Non ditelo agli svizzeri, ma l'Italia in Cina è vista come il paese della cioccolata. Per via dei Ferrero Rocher. Al che, uno può chiedersi come mai allora non prenda piede la Nutella, brand italiano universale. Risposta: perché in Cina non esiste il pane e quindi non c'è il “supporto” su cui spalmare la mitica crema di nocciola. E come mai in Cina non c'è verso di vendere carrozzine per bebè? Perché per tradizione i neonati non escono di casa per i primi 50 giorni, e quando lo fanno hanno ormai due mesi e passano direttamente al seggiolino. E perché non si vendono i wafer? Perché i cinesi, come buona parte degli asiatici, hanno un palato che rifugge il dolce, si limitano ad assaggi per motivi più di etichetta che altro, quindi un classico pacco di wafer o di biscotti occidentale è invendibile perché durerebbe settimane e diventerebbe immangiabile.

C'è una spiegazione per tutto, nel paese del Dragone. Anche per le cose più strane. Per una nostra imprese che voglia entrare in quel mercato, perciò, diventa essenziale conoscere prima come funziona il paese, come vive la gente, come usa (o non usa) i prodotti. Perfino la biancheria in Cina viene stesa in modo diverso da quello europeo. Mai dare per scontato uno stile di vita che a noi europei sembra assodato.

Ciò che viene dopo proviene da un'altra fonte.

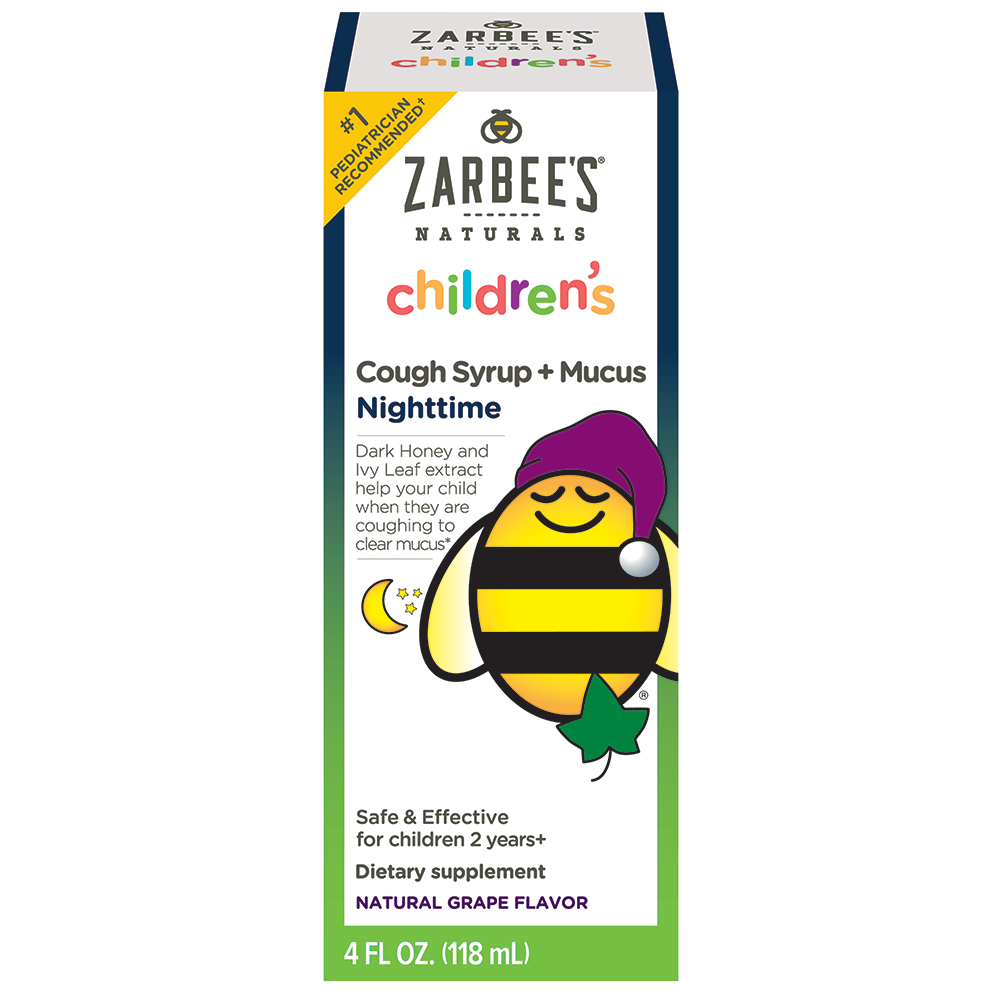 Zarbee's Naturals Children's Cough Syrup + Mucus Nighttime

Di questo, della “sottile arte di vendere in Cina” si è parlato a palazzo Bonin Longare in un convegno che ha approfondito le le chiavi di lettura per conquistarne la fiducia e il credito commerciale in Cina.

Sono intervenuti Remo Pedon, vicepresidente di Confindustria Vicenza con delega ai Mercati Esteri, Tiziano Vescovi professore ordinario di management e marketing a Ca’ Foscari e studioso di Cina, Carlo Geremia avvocato dello studio NCTM Shanghai e Maria Yvonne Pugliese dell'Associazione Culturale YARC. Testimonianze aziendali sono state portate da Francesco Pasquetti consulente che collabora con gruppi cinesi nell’ambito della moda, e da Mattia Pedon imprenditore che ha studiato in Cina e vi lavora da molti anni.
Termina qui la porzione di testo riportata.